● **ACTIVITY**
Your answer should hold only the lines from the one with "So if you glance" through the end of the records, repeated exactly and minus any pictures.

● **SUPPLIED ENTRIES**

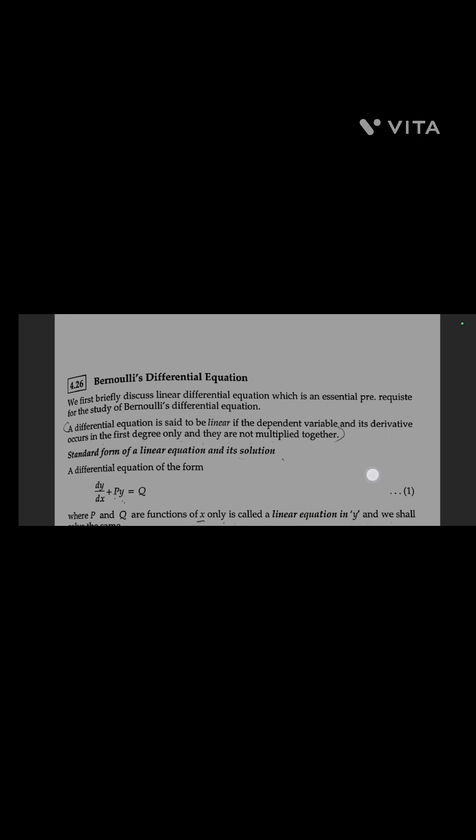Here is the standard form of a linear equation and its solution. A differential equation of the form dy/dx + Py = Q, where P and Q are functions of x only, is called a linear equation in y, and we shall solve the same.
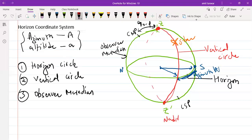Altitude is measured on the vertical circle. At the point of intersection of the horizon and the vertical circle, start from this point and move toward the star. This angle is known as altitude. If you are moving in the upper hemisphere, the altitude is positive; if moving in the lower hemisphere, the altitude is negative.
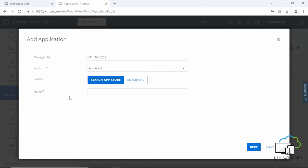Three, Source. Here we will search for the application in the App Store or we will enter the URL. Four, Name. Enter Workspace ONE Boxer and click next.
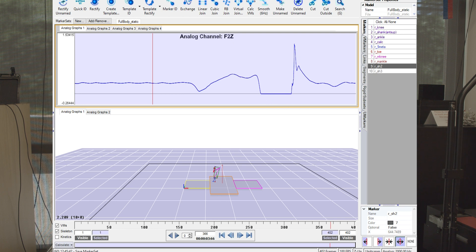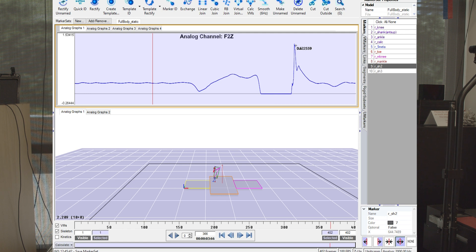And then here, when she's in flight phase, there's no forces. And then during the landing phase, we see peaks that are around four times body weight. So she's landing, she's absorbing a lot of force. That's oftentimes when injuries happen because everything is happening quickly and she's decelerating very quickly as she hits the ground.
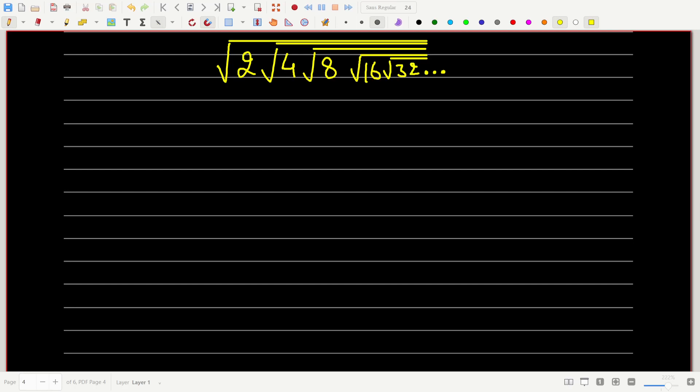Hello math lovers, let's find the value of √2 × √4 × √8 × √16 and so on till kingdom come.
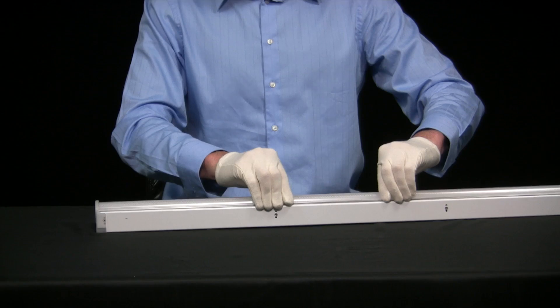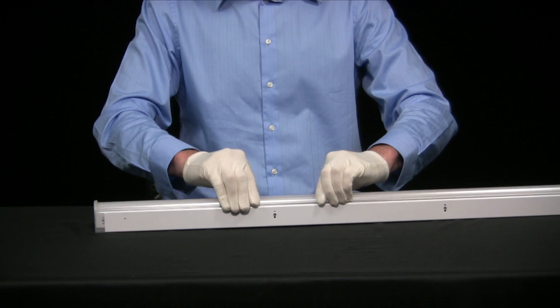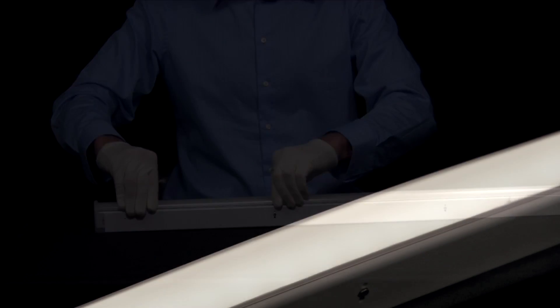A simple installation that significantly improves the performance and appearance of the linear light.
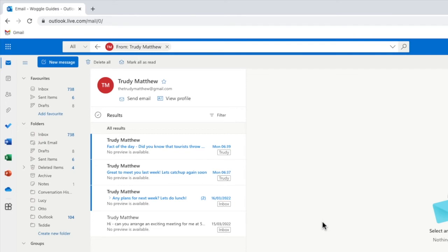To delete those emails all I now need to do is move my mouse to the delete all option shown at the top of the inbox.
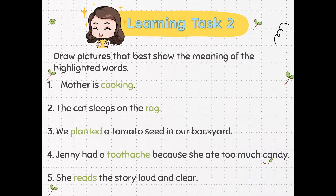Now, let's draw pictures that best show the meaning of the highlighted words. You can use your notebook or a piece of paper to answer this task. Number 1: Mother is cooking. Number 2: The cat sleeps on the rag. Number 3: We planted a tomato seed in our backyard.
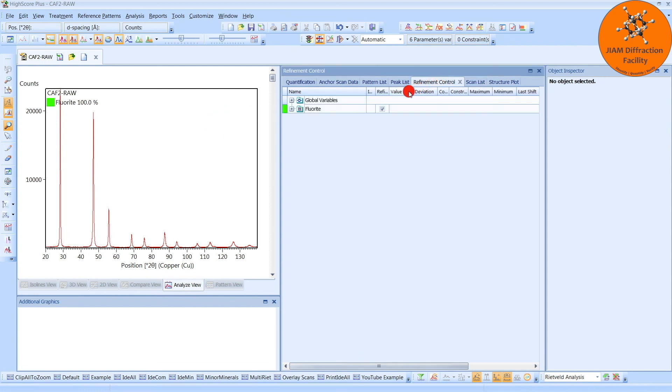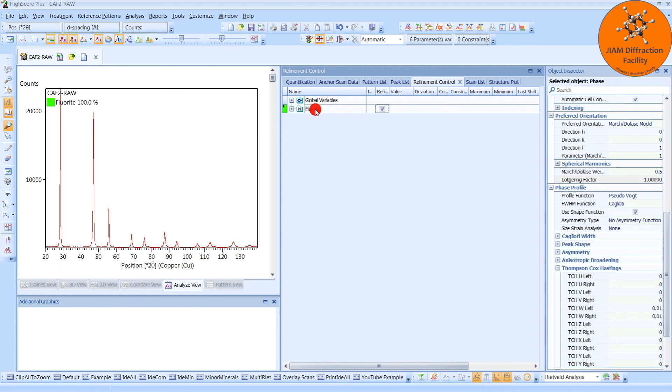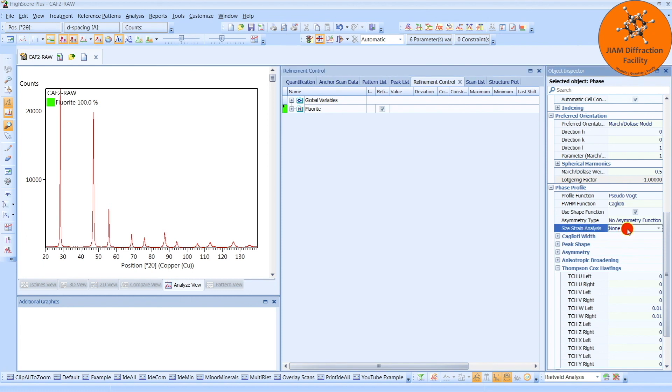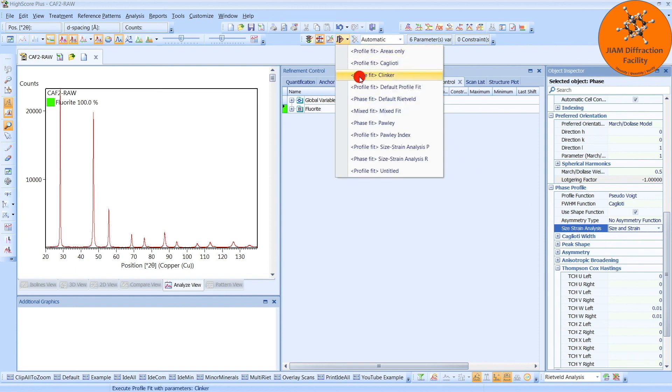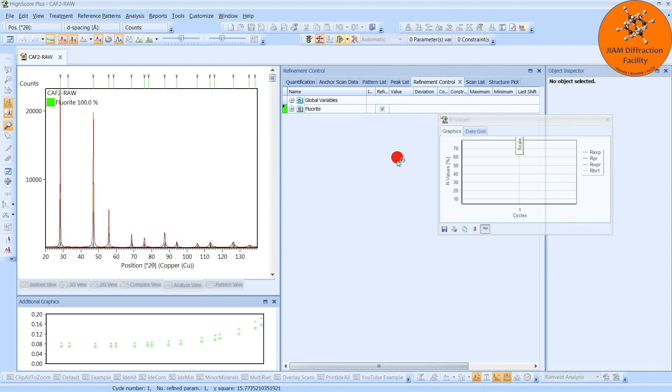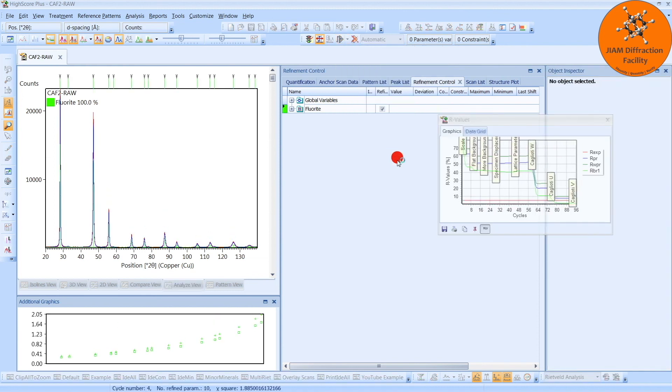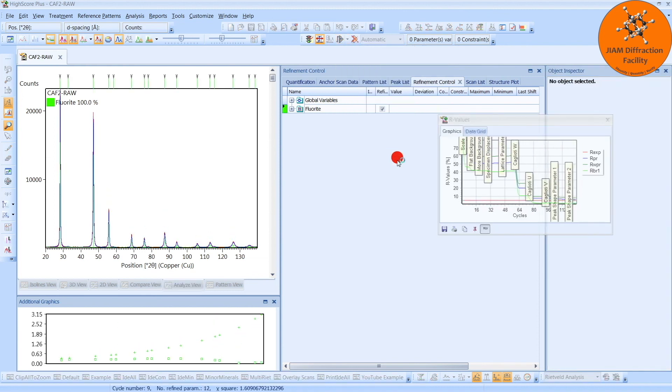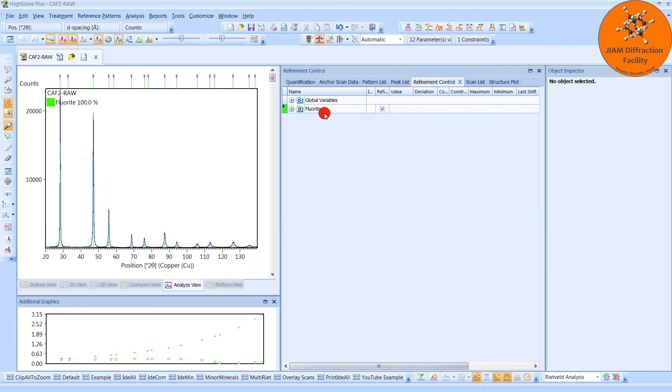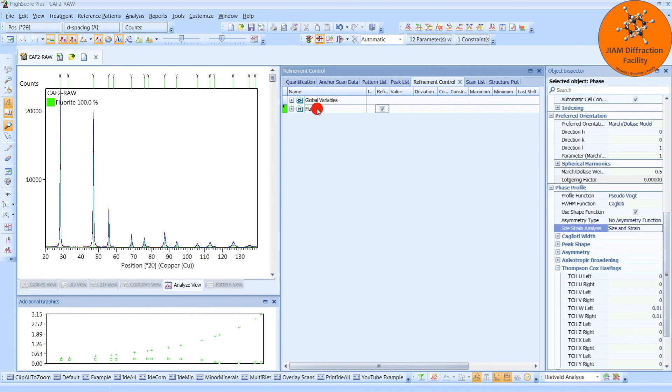and now before we perform a refinement, we just need to left-click on the phase, and then change our Size Strain Analysis to Size and Strain. Now we can perform another Size Strain Analysis R.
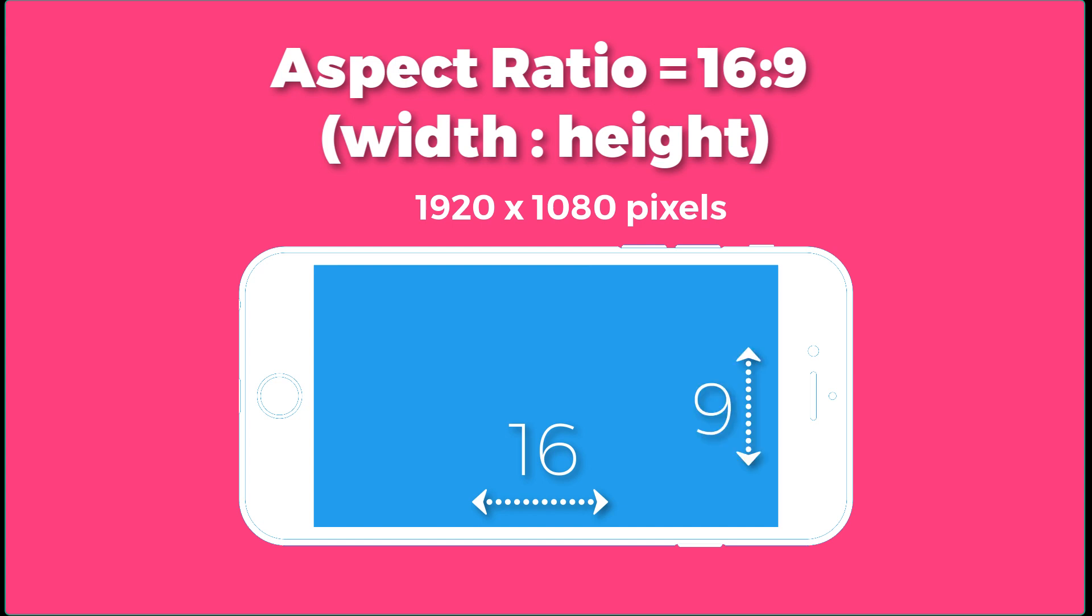So if you glance at an aspect ratio such as 16 by 9, which is one of the most common you're going to be dealing with, the 16 is the width and the 9 is the height. Therefore, because the 16 is bigger than the height or the width is bigger than the height, you know it's going to be a horizontal image.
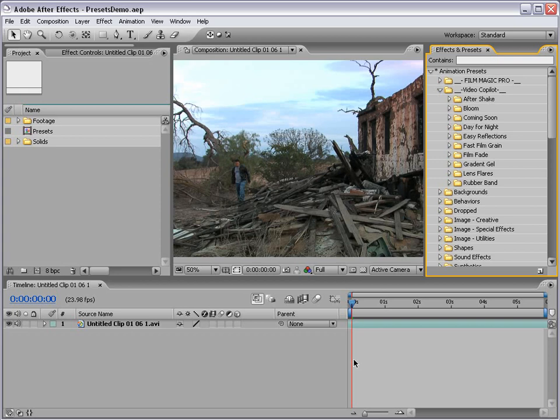Hey, what's up? Andrew Kramer here for VideoCopilot.net, and welcome to this demonstration for the After Shake preset. Let's go ahead and get started.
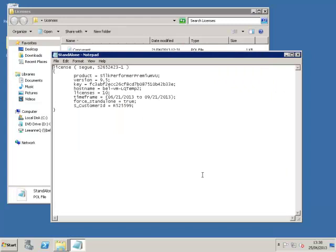In order for a license to be installed into the standalone license installer, it must have either the line allow standalone equals true or force standalone equals true.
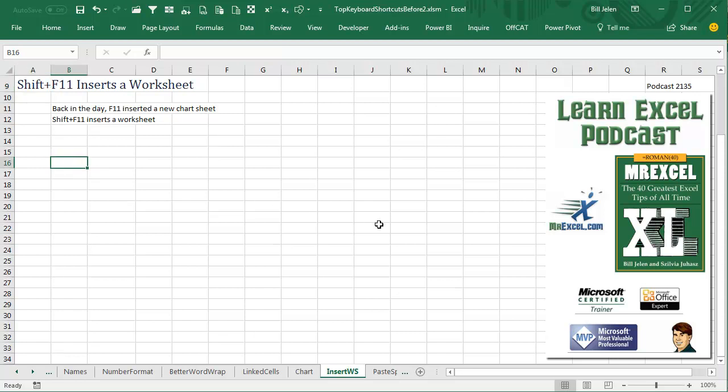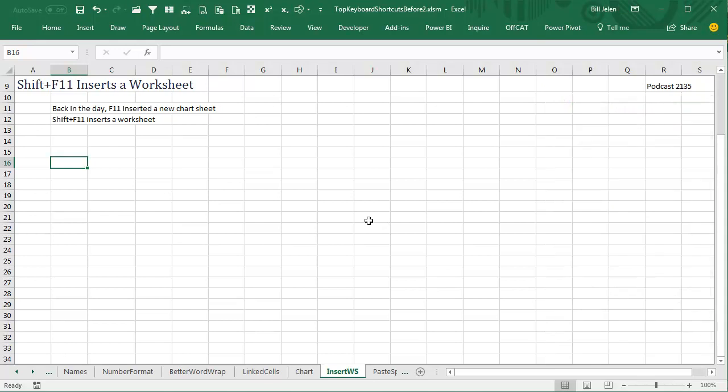Learn Excel from MrExcel Podcast, episode 2135. Shift-F11 inserts a worksheet.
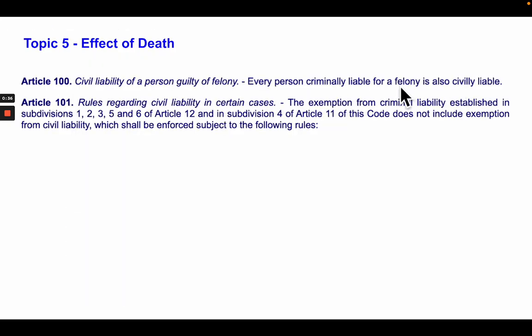What happens if a person has not been convicted and dies? When we say 'has not been convicted,' we are talking about conviction by final judgment. So that accused may be found guilty by the trial court and goes on appeal. While on appeal, although found guilty by the trial court, provided the appeal is pending, that person has not been convicted by final judgment. So what happens when that person dies?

● **RESPONSE TO THE TASK**
So if you glance at an aspect ratio such as 16 by 9, which is one of the most common you're going to be dealing with, the 16 is the width and the 9 is the height. Therefore, because the 16 is bigger than the height or the width is bigger than the height, you know it's going to be a horizontal image.
Hey, what's up? Andrew Kramer here for VideoCopilot.net, and welcome to this demonstration for the After Shake preset. Let's go ahead and get started.
In order for a license to be installed into the standalone license installer, it must have either the line allow standalone equals true or force standalone equals true.
Learn Excel from MrExcel Podcast, episode 2135. Shift-F11 inserts a worksheet.
What happens if a person has not been convicted and dies? When we say 'has not been convicted,' we are talking about conviction by final judgment. So that accused may be found guilty by the trial court and goes on appeal. While on appeal, although found guilty by the trial court, provided the appeal is pending, that person has not been convicted by final judgment. So what happens when that person dies?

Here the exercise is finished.